E-Learning: Einführung in die altgriechische Metrik

 


Inhaltsübersicht

 

Direktzugang

"Hexameter"

"Trimeter"

 

 

 

3.1.6 Hexameter im Frieden des Aristophanes

Auch in der attischen Komödie finden sich Hexameterverse. Ein Beispiel hierfür soll kurz vorgestellt werden. In der im Jahr 421 aufgeführten Komödie Frieden von Aristophanes fliegt der Protagonist Trygaios in den Himmel, um sich bei Zeus über den Krieg mit Sparta zu beschweren, der allen Griechen übel zusetzt und (als Kriegsgott) die Friedensgöttin weggesperrt hat. Nachdem Trygaios diese befreien konnte, steht seiner Hochzeit mit Opora („Spätsommer, Frucht“) nichts mehr im Weg. Beim Fest sollen einige Knaben Lieder vortragen. Als zwei dieser Knaben aus dem Haus treten, um zu pinkeln und die Lieder noch einmal zu üben, bittet Trygaios den einen, schon einmal eine Probe zu geben (Frieden 1265-1269). In der vorherigen Szene wurde der für die Komödie typische Sprechvers, der jambische Trimeter, verwendet (Frieden 1192-1269). Mit dem Vortrag des Knaben beginnt der Wechsel zum Hexameter. Skandieren Sie den Anfang von Vers 1270, der vom ersten Knaben gesprochen wird::

"νῦν αὖθ' ὁπλοτέρων ἀνδρῶν ἀρχώμεθα –"
"Nun wollen wir aber mit den rüstigeren Männern beginnen –"

Wie es für das Epos (im Unterschied zur Komödie) üblich ist, zählt in ὁπλοτέρων die Verbindung von Muta cum Liquida als zwei Konsonanten.
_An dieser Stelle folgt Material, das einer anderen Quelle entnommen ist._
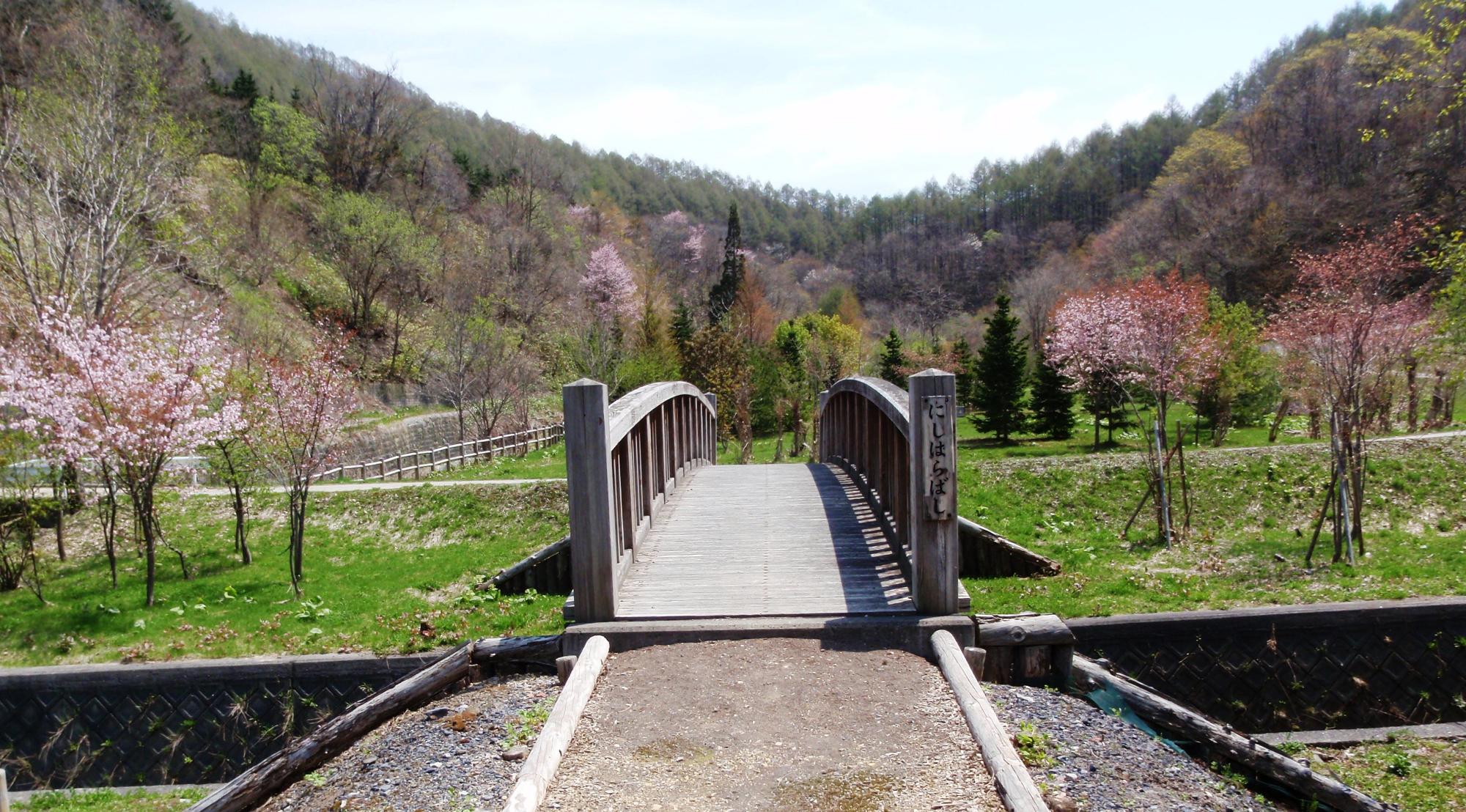 中央に橋がかかっており、周りにはたくさんの桜が咲く誇っている写真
Sie haben sicherlich ausserdem bemerkt, dass der Vers noch nicht vollständig ist. Denn Trygaios ist überhaupt nicht erfreut über den kriegerischen Inhalt der Lieder und sagt:

                                                                        παῦσαι
ὁπλοτέρους ᾆδον, καὶ ταῦτ', ὦ τρισκακόδαιμον,
εἰρήνης οὔσης· ἀμαθές γ' εἶ καὶ κατάρατον.
                                                                        "Hör auf,
die rüstigeren zu besingen, und zwar, du drei Mal Elender,
weil Frieden ist. Du bist ein verfluchter Ignorant."

Der Wechsel der Metrik zeigt an dieser Stelle ausserdem an, dass eine Anspielung auf einen anderen Text vorliegt. Das hexametrische Versmass dient als Intertextualitätssignal zu den Epigonoi, deren erster Vers hier aufgerufen wird. Die Epigonoi sind ein heute leider verlorenes Kriegsepos aus dem thebanischen Sagenkreis über die "Nachkommen" der Sieben gegen Theben, welche die Stadt im Unterschied zu ihren Vätern erobern konnten. Wenn man nun auch weiss, dass der Hexameter ursprünglich mit Μοῦσαι endete, ist Trygaios' ähnlich klingender Einwurf παῦσαι besonders witzig. Im Anschluss an den Knaben verfällt auch Trygaios in den Hexameter, obwohl sein Inhalt (z.B. ἀμαθές γ' εἶ καὶ κατάρατον – "Du bist ein verfluchter Ignorant") nicht allzu charakteristisch für das heroische Metrum ist. Zu beachten ist ferner, dass dabei auch die Naeke’sche Brücke verletzt wird (Brücke nach einem Spondeus im 4. Metrum, hier zwischen εἶ und καὶ), wodurch der Vers vielleicht absichtlich unhomerisch bwz. unschön klingen soll.

 

Literaturangaben zum Hexameter: Snell 41982, 12-17; West 1982, 35-39.152-157.177-180; Sicking 1993, 69-82; Kannicht 1997, 347f.; Nünlist 2000; Utzinger 2007, 11-13; Bär 2009, 13-23. Zur Einführung in den homerischen Hexameter kann insbesondere Nünlist 2000 empfohlen werden. Es handelt sich dabei um ein Kapitel aus den Prolegomena des neuen Ilias-Kommentars von Latacz et al. 2000. Zum Beispiel aus dem Frieden vgl. auch Zogg 2014, 144-163.